• _Activity_
Please repeat exactly the lines below from the line with "Bayland Transitional Double" to the line with "BOHUO Tableau sur", including both, and leave out every picture.

Provided information: Begin

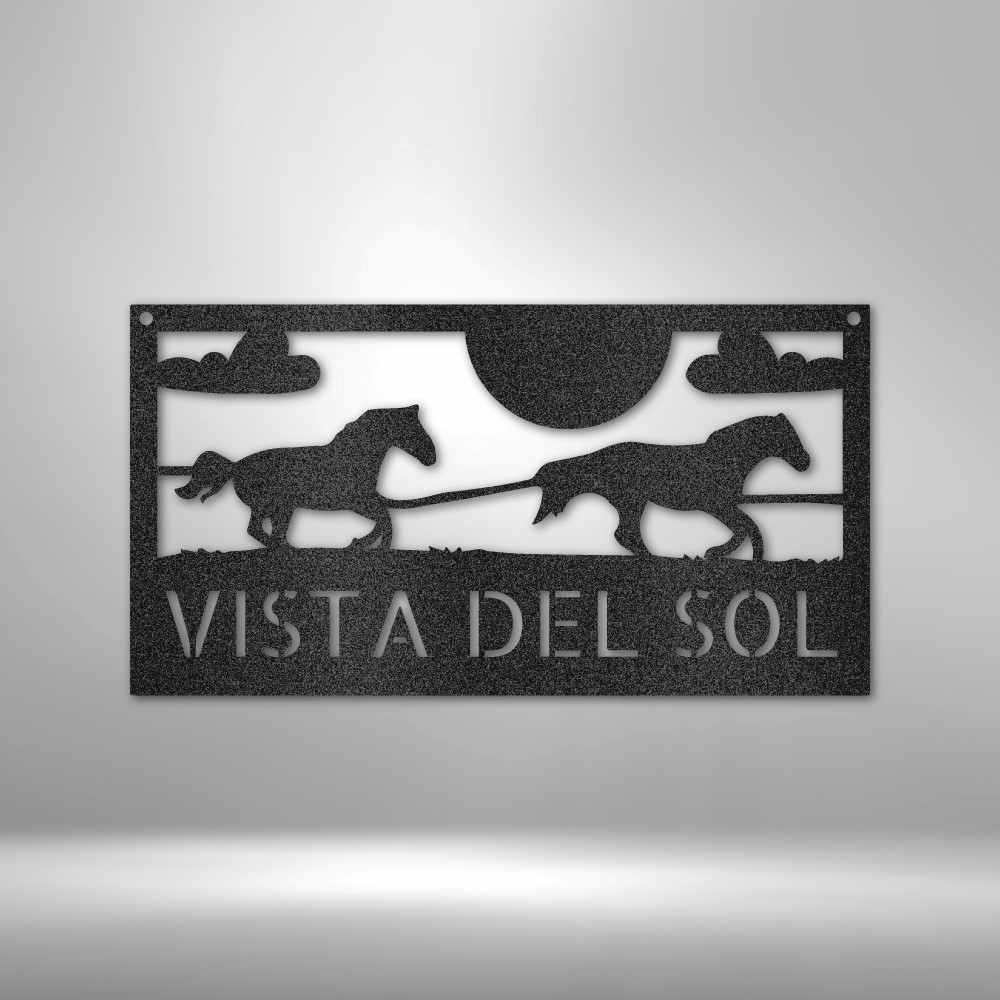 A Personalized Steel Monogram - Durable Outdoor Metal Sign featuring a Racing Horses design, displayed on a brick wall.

Provided information: End
Provided information: Begin

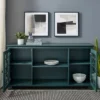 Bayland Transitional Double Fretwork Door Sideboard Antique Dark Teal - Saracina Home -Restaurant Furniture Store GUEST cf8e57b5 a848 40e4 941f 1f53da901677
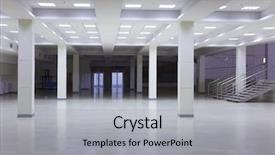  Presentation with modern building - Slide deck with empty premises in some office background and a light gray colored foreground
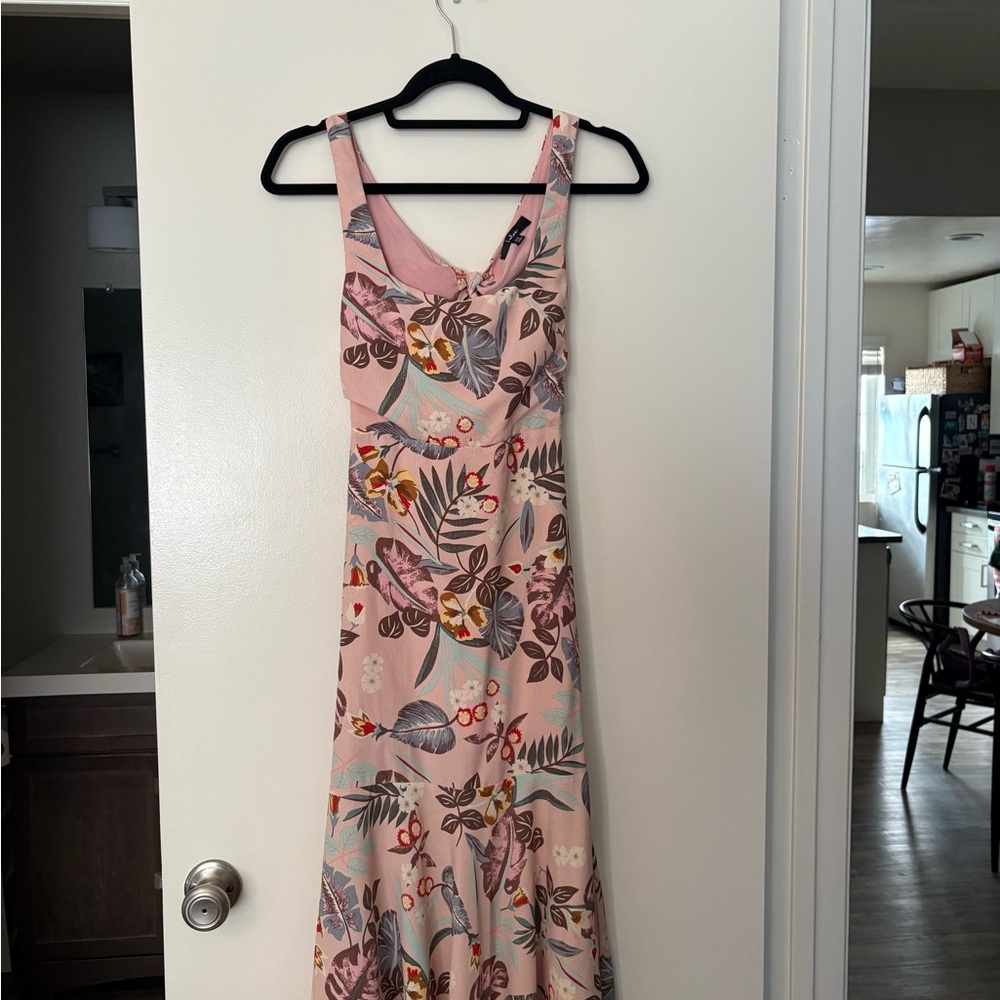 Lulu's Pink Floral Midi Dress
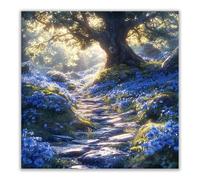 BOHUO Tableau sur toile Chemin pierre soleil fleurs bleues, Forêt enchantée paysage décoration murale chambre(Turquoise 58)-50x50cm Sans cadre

Provided information: End
Provided information: Begin

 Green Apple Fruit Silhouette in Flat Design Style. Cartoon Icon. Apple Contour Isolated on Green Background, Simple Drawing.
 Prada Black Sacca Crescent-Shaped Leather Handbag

Provided information: End

• _Solution to this problem_
 Bayland Transitional Double Fretwork Door Sideboard Antique Dark Teal - Saracina Home -Restaurant Furniture Store GUEST cf8e57b5 a848 40e4 941f 1f53da901677
  Presentation with modern building - Slide deck with empty premises in some office background and a light gray colored foreground
 Lulu's Pink Floral Midi Dress
 BOHUO Tableau sur toile Chemin pierre soleil fleurs bleues, Forêt enchantée paysage décoration murale chambre(Turquoise 58)-50x50cm Sans cadre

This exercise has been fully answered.